Randolph W. Townsend, Jr. Professor of History and Professor of American Studies
Fields of interest:
20th century U.S. history, U.S. and global environmental history, government and political development, American West, energy and resources
Paul Sabin teaches United States environmental history, energy politics, and political, legal, and economic history. He coordinates the Yale Environmental History working group and the Yale Environmental Humanities Program, and helps lead Yale’s undergraduate Environmental Studies major.
He is the author of Public Citizens: The Attack on Big Government and the Remaking of American Liberalism (W.W. Norton, 2021), which examines the evolution and impact of the public interest and environmental movements in the United States since the 1960s. His previous book, The Bet: Paul Ehrlich, Julian Simon, and Our Gamble Over Earth’s Future (Yale University Press, 2013), explores the clash between environmentalists and their critics in contentious debates over population growth and resource scarcity. His first book, Crude Politics: The California Oil Market, 1900-1940 (University of California Press, 2005), shows how politics and law shaped a growing dependence on petroleum in California and the nation. Sabin also has written on international resource frontiers, U.S. overseas expansion, and energy and legal history.

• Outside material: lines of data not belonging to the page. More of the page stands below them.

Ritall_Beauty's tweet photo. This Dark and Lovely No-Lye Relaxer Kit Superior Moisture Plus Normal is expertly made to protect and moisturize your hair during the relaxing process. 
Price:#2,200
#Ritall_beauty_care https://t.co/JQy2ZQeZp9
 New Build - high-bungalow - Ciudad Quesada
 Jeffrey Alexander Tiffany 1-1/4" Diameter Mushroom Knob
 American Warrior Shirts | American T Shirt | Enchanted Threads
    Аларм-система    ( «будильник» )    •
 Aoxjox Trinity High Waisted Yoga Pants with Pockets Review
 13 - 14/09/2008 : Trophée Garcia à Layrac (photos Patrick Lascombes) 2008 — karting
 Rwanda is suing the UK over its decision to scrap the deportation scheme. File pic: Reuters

Sabin received his Ph.D. in American History in 2000 from the University of California, Berkeley, and spent a postdoctoral year as Harvard-Newcomen Fellow in business history at the Harvard Business School. He also served for nine years as the founding executive director of the non-profit Environmental Leadership Program, which has trained and supported a collaborative network of more than 1,300 talented public leaders from higher education, government, businesses, and non-profit organizations.